EXERCISE DESCRIPTION:
Every record that follows should be copied exactly. No picture belongs in the copy.

(Short descriptive text snippets)
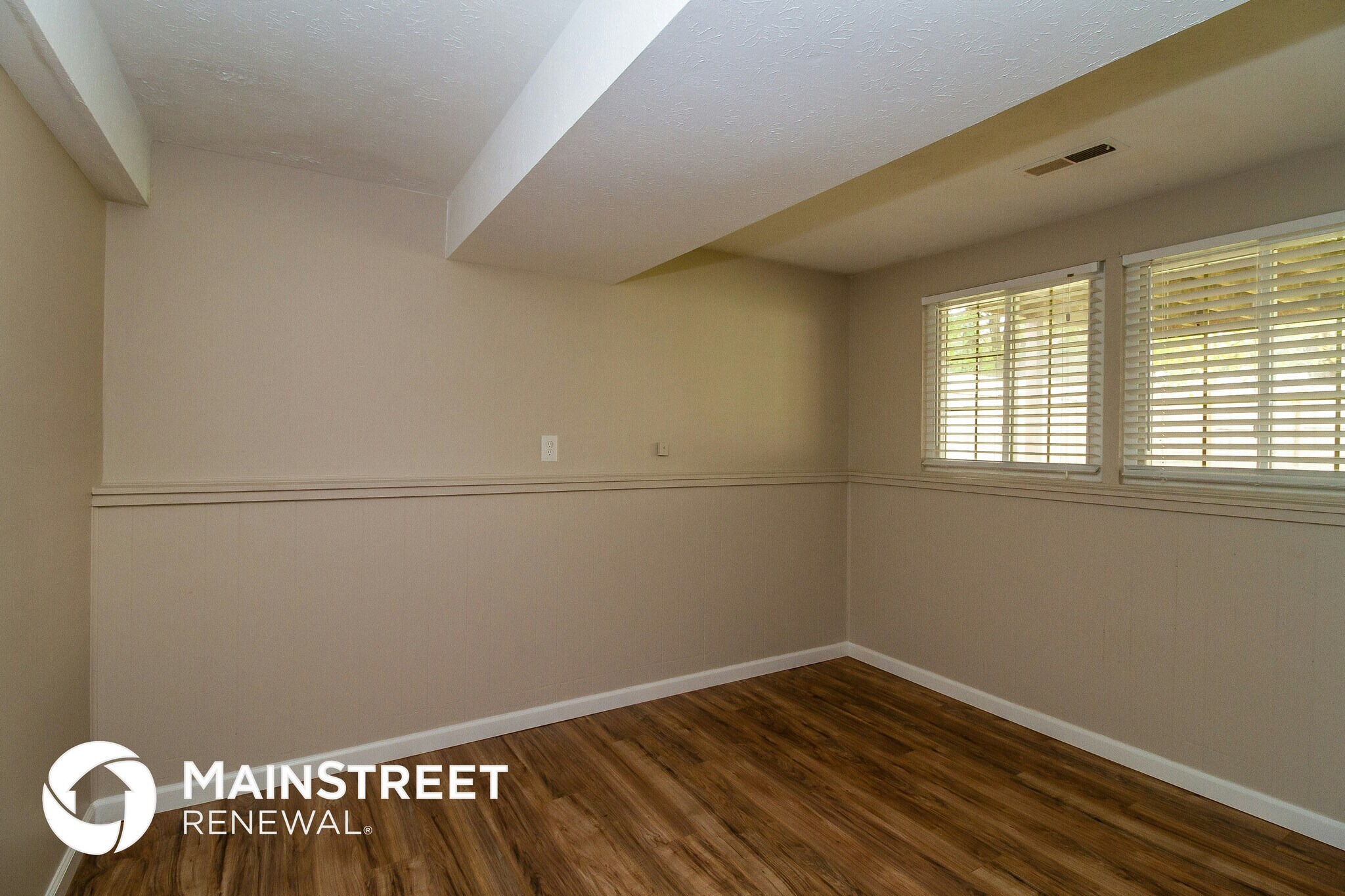 Building Photo - 4504 Lunenburg Dr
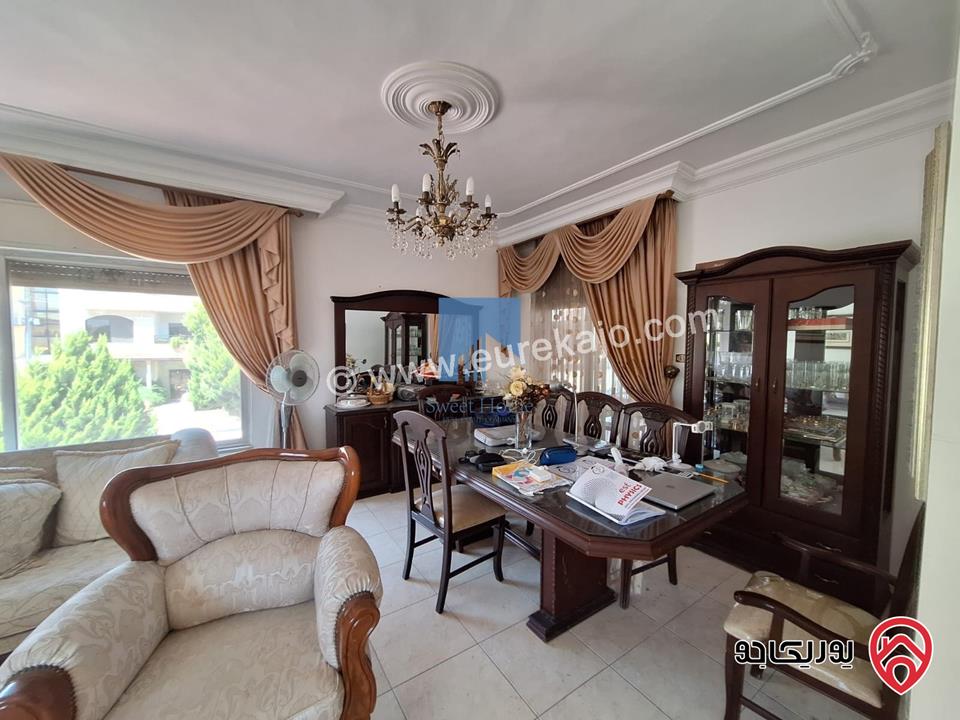 شقة طابقية طابق اول 250م للبيع في عمان - الصويفية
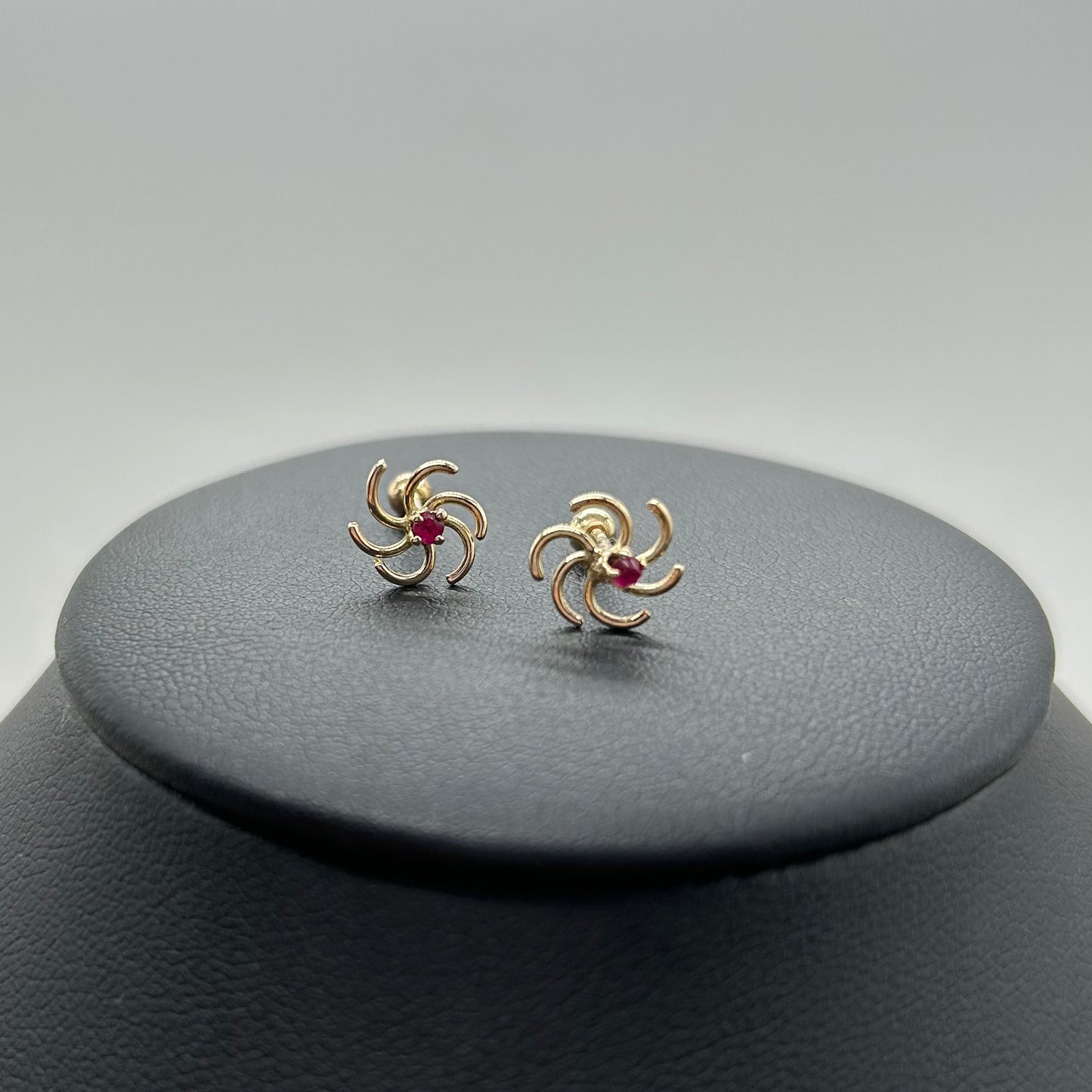 Broqueles Estrella con Zirconia Roja Oro 14k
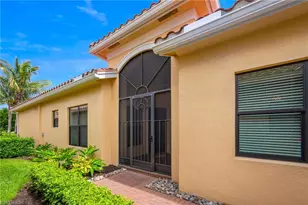 13322 Silktail Dr, Naples, FL 34109 - Photo 2
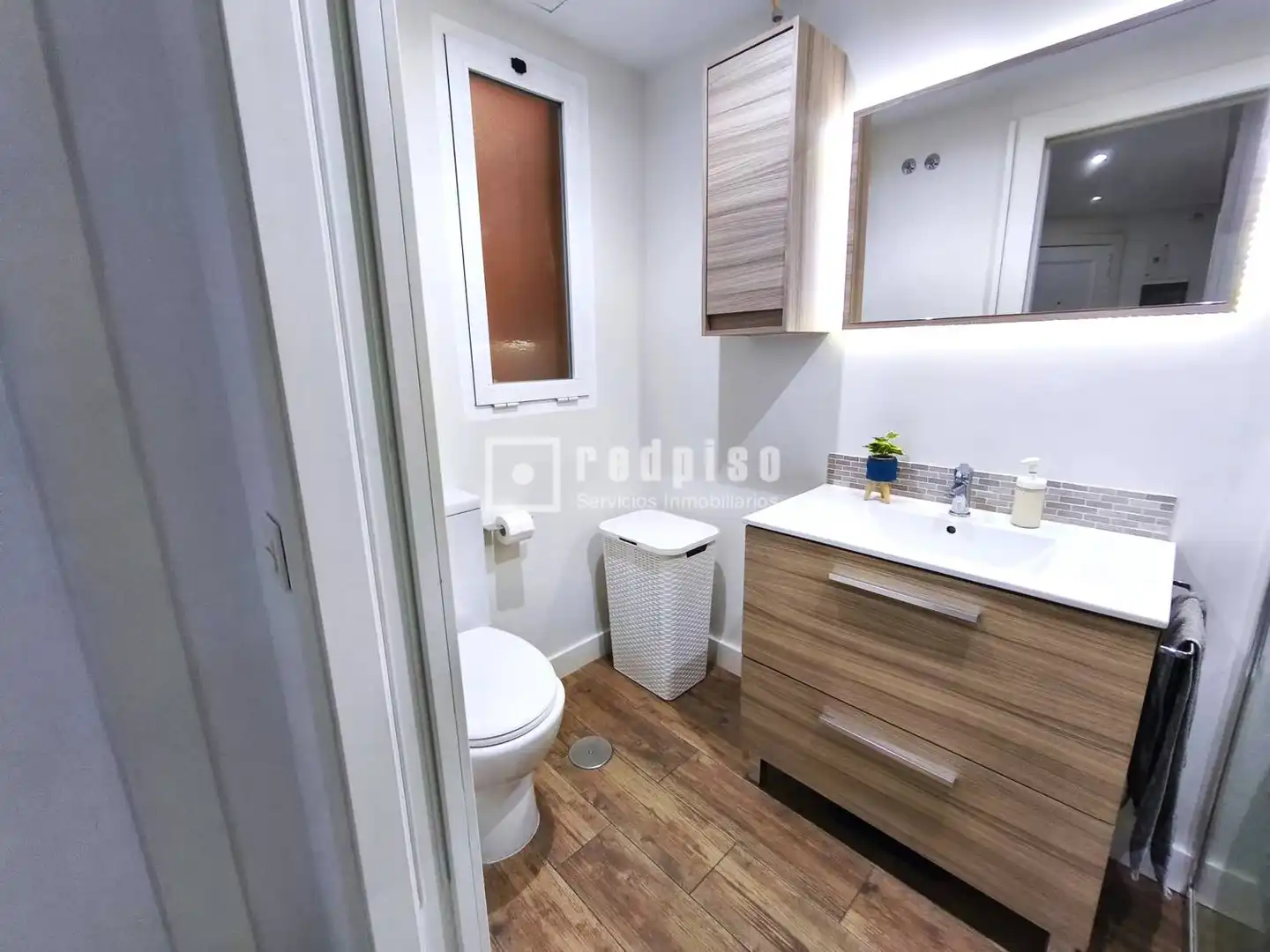 Badezimmer von Wohnung zum Verkauf in Móstoles mit Klimaanlage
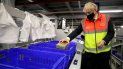 El primer ministro británico Boris Johnson coloca alimentos en canastas de plástico el miércoles 11 de noviembre de 2020 durante una visita a un centro de distribución en línea de los supermercados Tesco, en Londres. El primer ministro británico Boris Johnson coloca alimentos en canastas de plástico el miércoles 11 de noviembre de 2020 durante una visita a un centro de distribución en línea de los supermercados Tesco, en Londres.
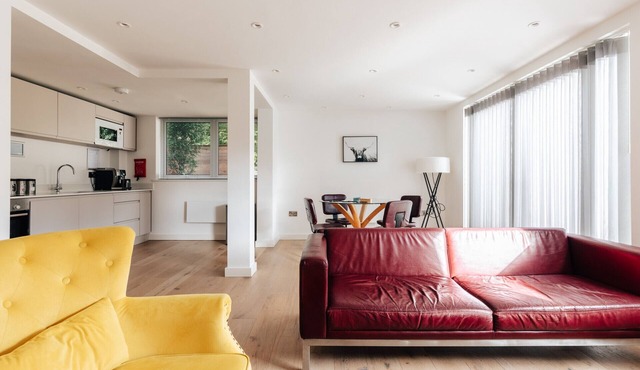 New 2 Bed/2 Bath Apt in Bath with Garden & Parking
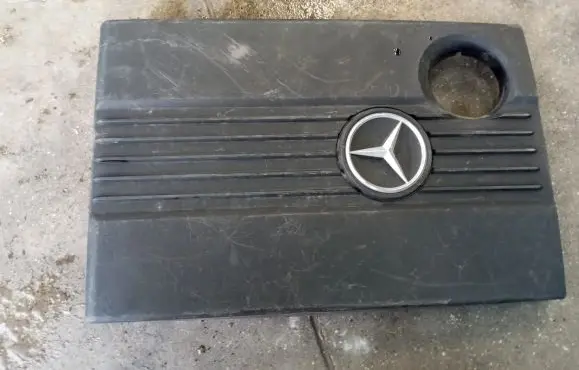 Mercedes-Benz C W204 Engine cover (trim) A2710101167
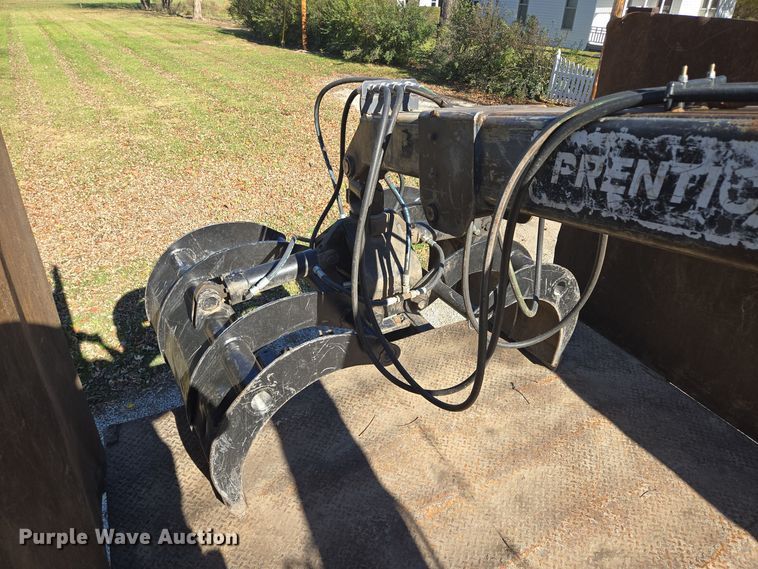 image for item EQ3584 1997 Ford  Max L-9000 grapple truck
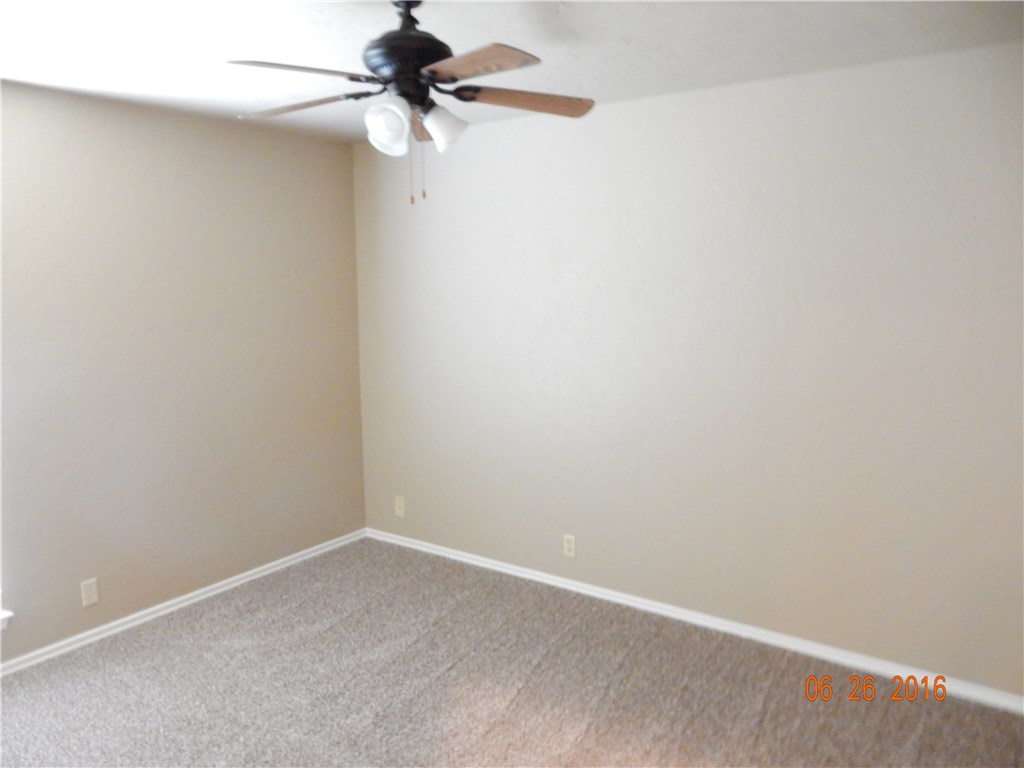 Undisclosed, Edmond, OK 73013 photo 5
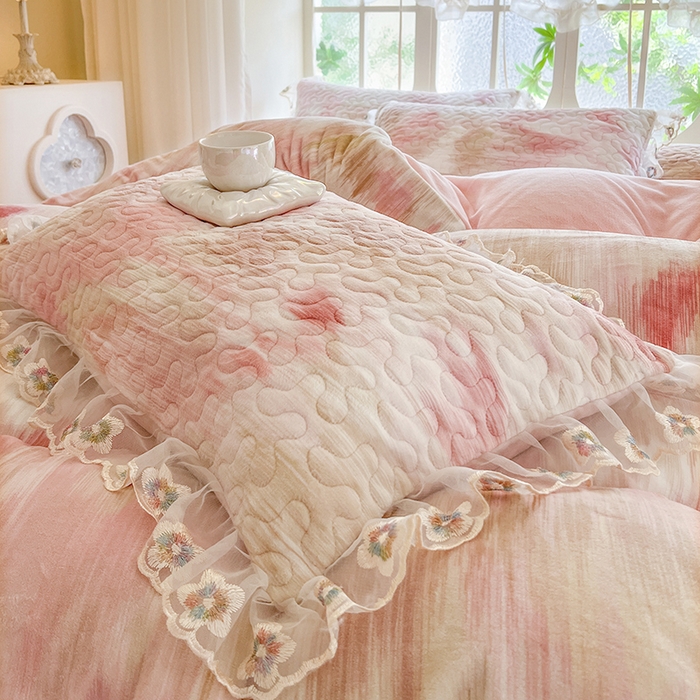 91家纺网 家纺一手货源 找家纺 （总）网红馆（ck家纺） 2025新款亲肤舒适印花牛奶绒蕾丝边床裙系列四件套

COMPLETED TASK:
 Building Photo - 4504 Lunenburg Dr
 شقة طابقية طابق اول 250م للبيع في عمان - الصويفية
 Broqueles Estrella con Zirconia Roja Oro 14k
 13322 Silktail Dr, Naples, FL 34109 - Photo 2
 Badezimmer von Wohnung zum Verkauf in Móstoles mit Klimaanlage
 El primer ministro británico Boris Johnson coloca alimentos en canastas de plástico el miércoles 11 de noviembre de 2020 durante una visita a un centro de distribución en línea de los supermercados Tesco, en Londres. El primer ministro británico Boris Johnson coloca alimentos en canastas de plástico el miércoles 11 de noviembre de 2020 durante una visita a un centro de distribución en línea de los supermercados Tesco, en Londres.
 New 2 Bed/2 Bath Apt in Bath with Garden & Parking
 Mercedes-Benz C W204 Engine cover (trim) A2710101167
 image for item EQ3584 1997 Ford  Max L-9000 grapple truck
 Undisclosed, Edmond, OK 73013 photo 5
 91家纺网 家纺一手货源 找家纺 （总）网红馆（ck家纺） 2025新款亲肤舒适印花牛奶绒蕾丝边床裙系列四件套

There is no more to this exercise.